Bem podemos colocar a questão: o que aconteceu no decurso
subsequente do desenvolvimento histórico às nobres ideias proclamadas ao tempo
da Revolução Francesa de liberdade, fraternidade e igualdade, e genuinamente
defendidas por muitos durante muitos anos? Porque foram descartadas em
conjunto, frequentemente com não dissimulado desprezo a fraternidade e a
igualdade com a liberdade reduzida ao frágil esqueleto do “democrático direito
a votar”, exercida por um número de pessoas cada vez mais céticas e diminutas
nos países que se descrevem a eles próprios como “o modelo da democracia”? [1]

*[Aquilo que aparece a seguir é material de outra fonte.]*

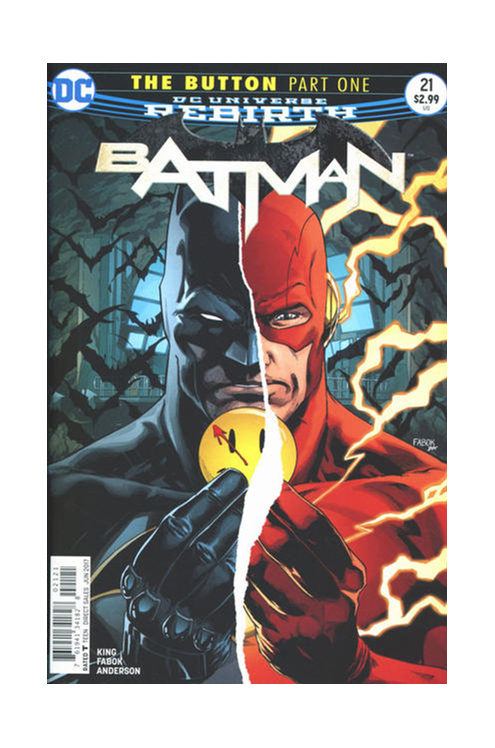 Batman #21 (The Button) (2016)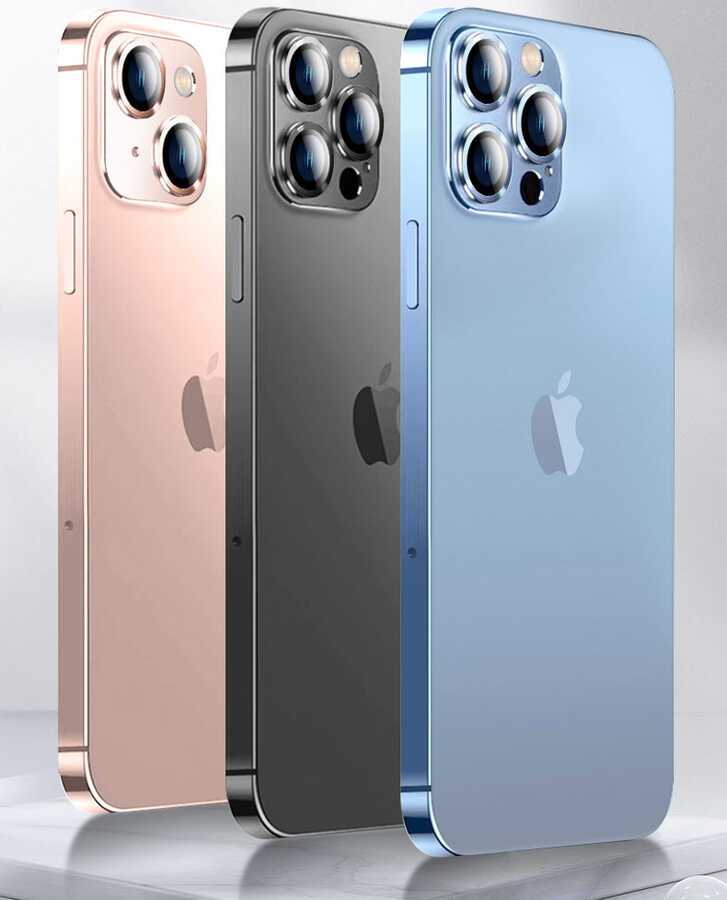 Apple iPhone 14 Pro Max Uyumlu CL-03 Kamera Lens Koruyucu - 2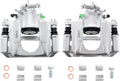 Betthand Rear Brake Calipers (w/Single Piston Front Caliper) Fit for 08-16 Dodge Grand Caravan, 08-16 Chrysler Town & Country, 09-14 Volkswagen Routan, 12-16 Ram C/V, 3.3/3.6/3.8/4L: 18B5080+18B5081
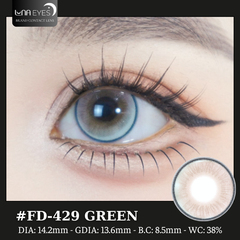 (Luna Eyes) FD-429 GREEN - size vừa
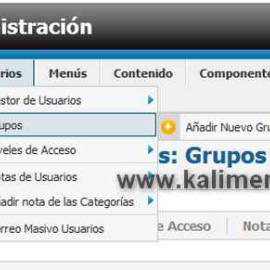 Módulos solo visibles a usuarios no registrados en joomla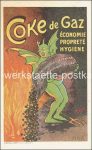 Coke de Gaz &#8211; sig. Mourgue &#8211; um 1920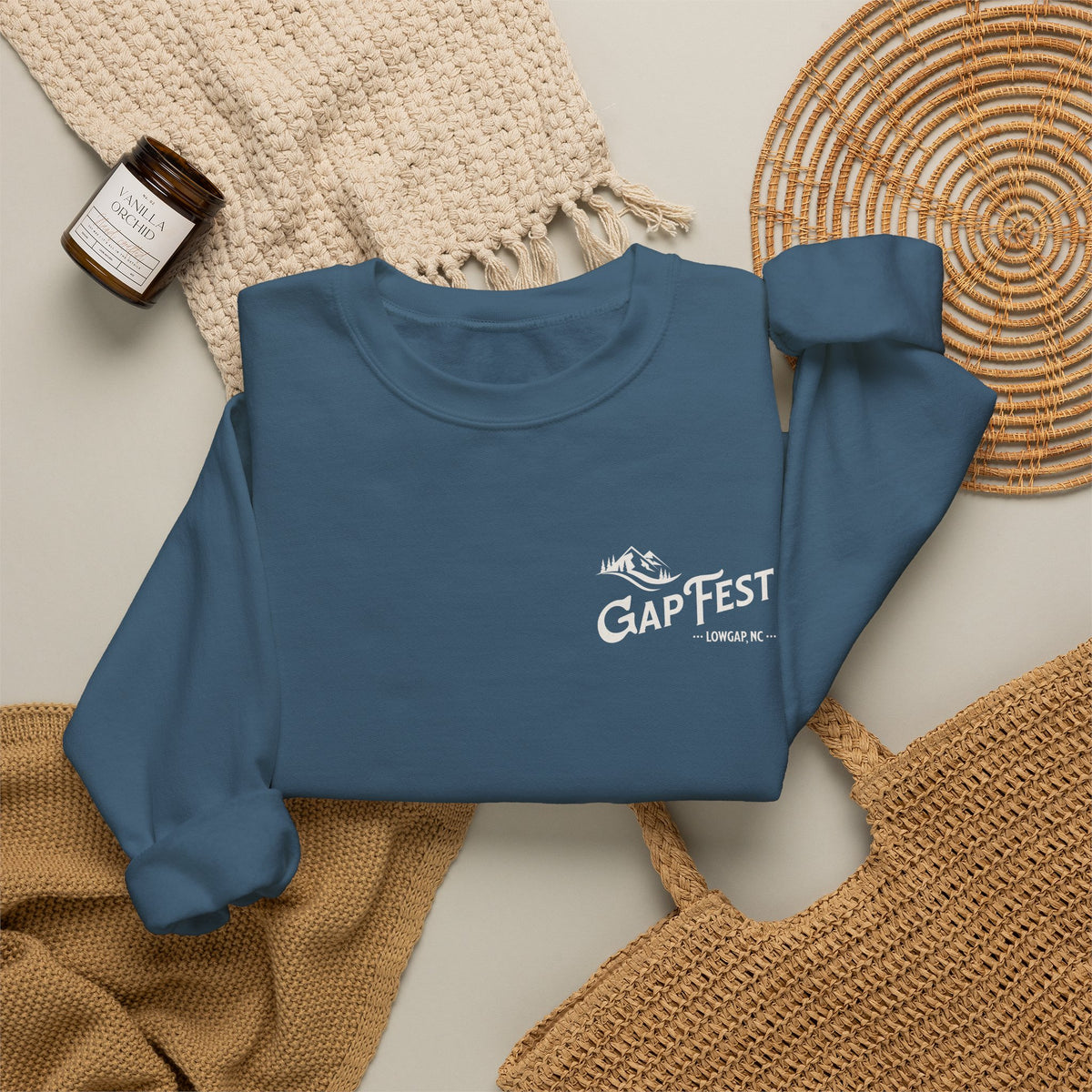 GapFest 2026 Crewneck Sweatshirt - Vintage Pullover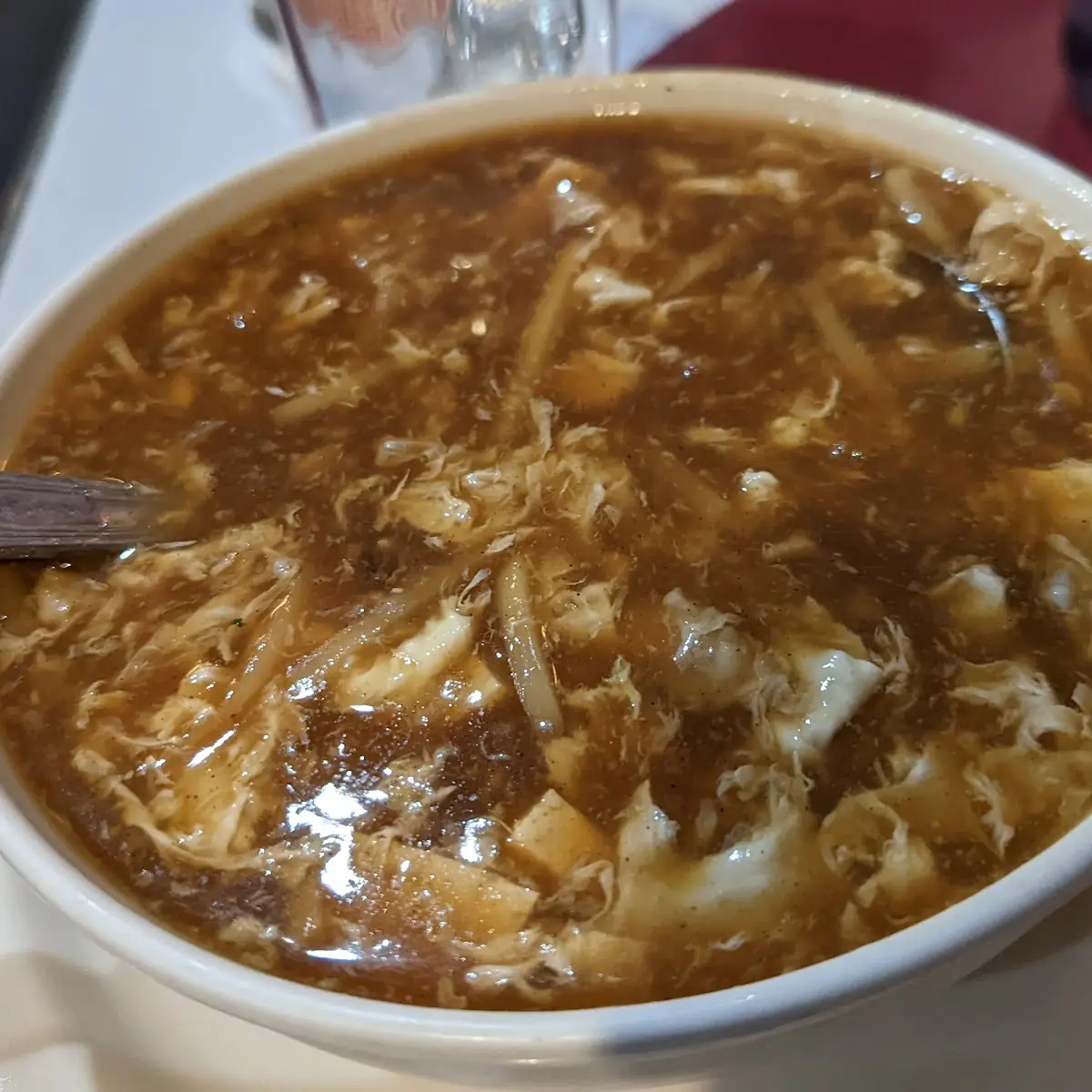 Hot & Sour Soup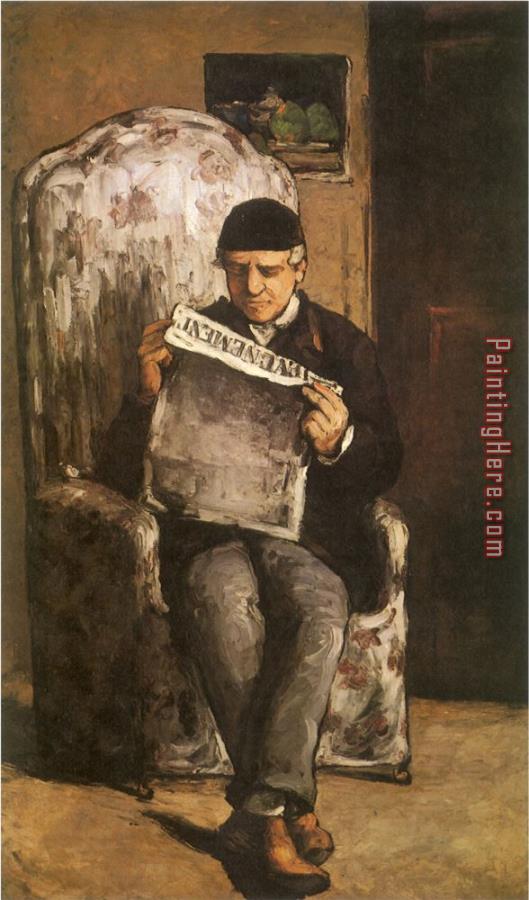 Paul Cezanne The Artist S Father 1866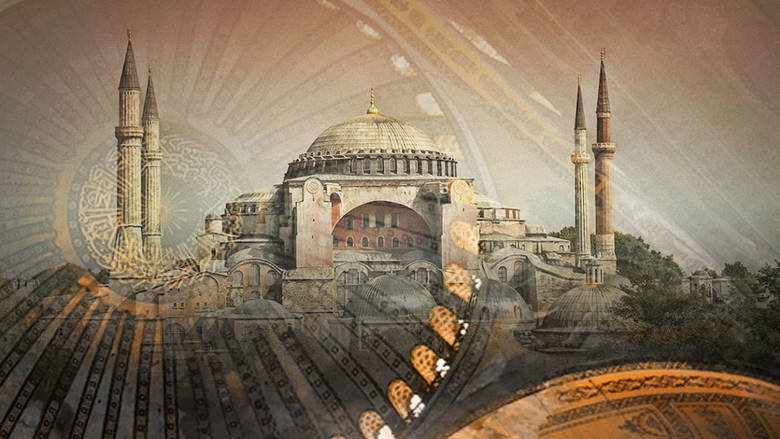 «Στα άδυτα της Αγιάς Σοφιάς»: Μυστικά ενός αθέατου, υπόγειου κόσμου στο φως (VIDEO & ΦΩΤΟ)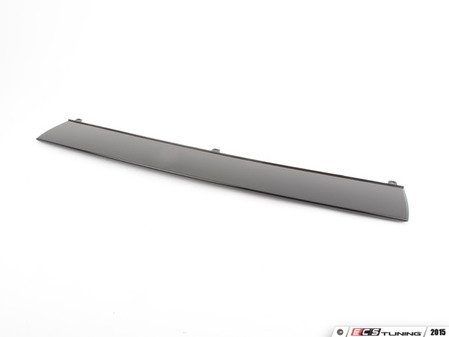 ES#2557321 - 8T0807513AT94 - Front Lower Lip Spoiler - Gloss Black - Accent your grille with this lower spoiler - Genuine Volkswagen Audi - Audi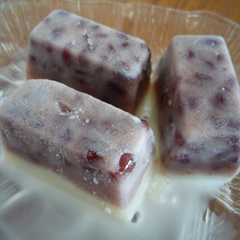 รูปของ 夏に作る小豆ミルクアイス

E isso está longe de constituir todas as más notícias. Pois, como a história do
século XX amplamente demonstra, mesmo as fracas medidas de igualdade formal são
frequentemente consideradas como insuportáveis luxos para serem praticados, ou
abertamente perseguidos por intervenções ditatoriais.
Após mais de um século de promessas de eliminação, ou pelo menos,
de redução, a desigualdade através da “taxa progressiva” e de outras medidas
(desse modo assegurando as condições de viabilidade social do desenvolvimento),
a realidade é de uma ainda maior desigualdade. O fosso tem aumentado não apenas
entre o “norte desenvolvido” e o “sul subdesenvolvido” mas também no interior
dos países capitalistas avançados. Um recente relatório do Congresso
norte-americano (que não pode ser acusado de “inclinação para o campo da
esquerda”) admitiu que os ganhos de 1 por cento da população norte-americana
excedem agora os de 40 por cento [2] das camadas mais desfavorecidas; número
que nas últimas duas décadas duplicou em “apenas” 20%, escandaloso como é,
mesmo no seu número mais baixo. Estes desenvolvimentos regressivos caminharam
de par com a falsa oposição entre “igualdade de resultados” e “igualdade de
oportunidades”, e depois mesmo votado ao abandono com a adulação da (nunca
realizada) ideia de “igualdade de oportunidades”. Este resultado não pode ser
considerado surpreendente. Por uma vez o “resultado” socialmente desafiante é
arbitrariamente eliminado do quadro e substituído pela “oportunidade”, sendo
esta ultima desprovida de todo o conteúdo. O termo totalmente vazio de
resultados (e pior: negação de resultados), “igualdade” é volvido numa
justificação ideológica da negação prática efetiva de todas as reais
oportunidades de todos os que delas precisam.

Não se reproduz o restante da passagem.